I have a huge CSV file that is too large to put into a worksheet and CSV is the format I have it in. 

I want to use a pivot table to mine that data but I have no idea how to link a CSV to a Pivot. I downloaded an ODBC driver (no idea what it is) and cant make head nor tail of what stuff on google tells me. Does anyone have any bright ideas? It would appear that because I have Mac and am on Office 365, I don't have the Power options that would otherwise render this easy?

Cheers, in advance

----------


## dflak

OK, it's the end of day here and I do not have time to write it up now. But I did figure out how to do it. I'll report back tomorrow with how to make the ODBC connection and how to navigate the pivot table wizard to find it.

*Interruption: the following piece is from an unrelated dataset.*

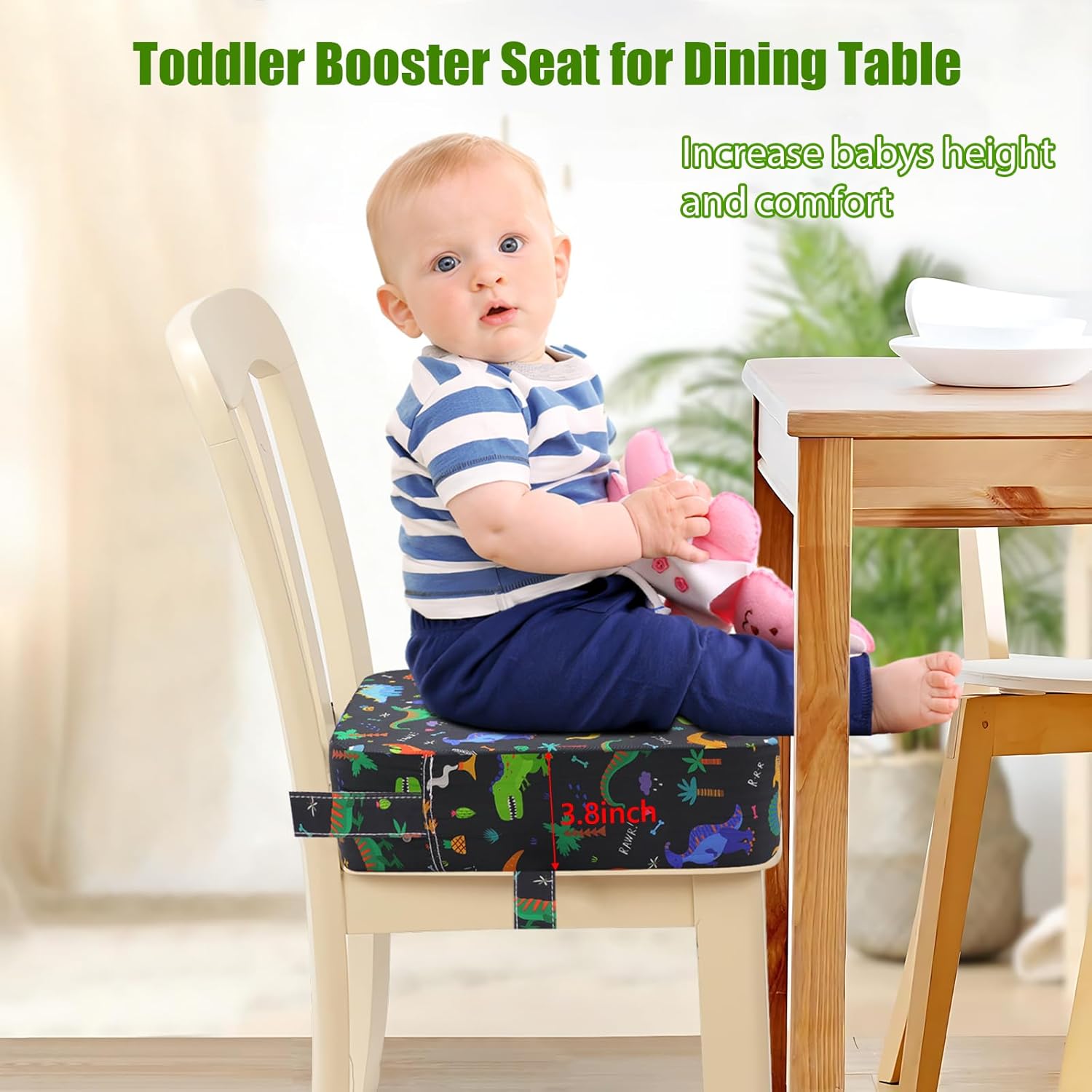 Thumbnail 1 de Sitzerhöhung für Kinder (Esszimmer) – waschbar, zerlegbar & tragbar, mit 2 Sicherheitsschnallen-Gurten – Schwarz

I'll get screen shots and put it in a word document.

----------


## dflak

Here are the steps I used to connect to a Pivot Table to a CSV remote file.

----------


## spurs79

I cant add a text driver in MAC it only gives me the options for the attached?

Thanks for trying. Hopefully the fix is easy...

----------


## dflak

Do a web search for a text driver for a MAC. I just did that and found this. It looks like a good starting point: http://support.openlinksw.com/support/mac-faq.html.

Good luck with your project.

----------


## spurs79

Thanks but that may as well be foreign language  :Frown:

----------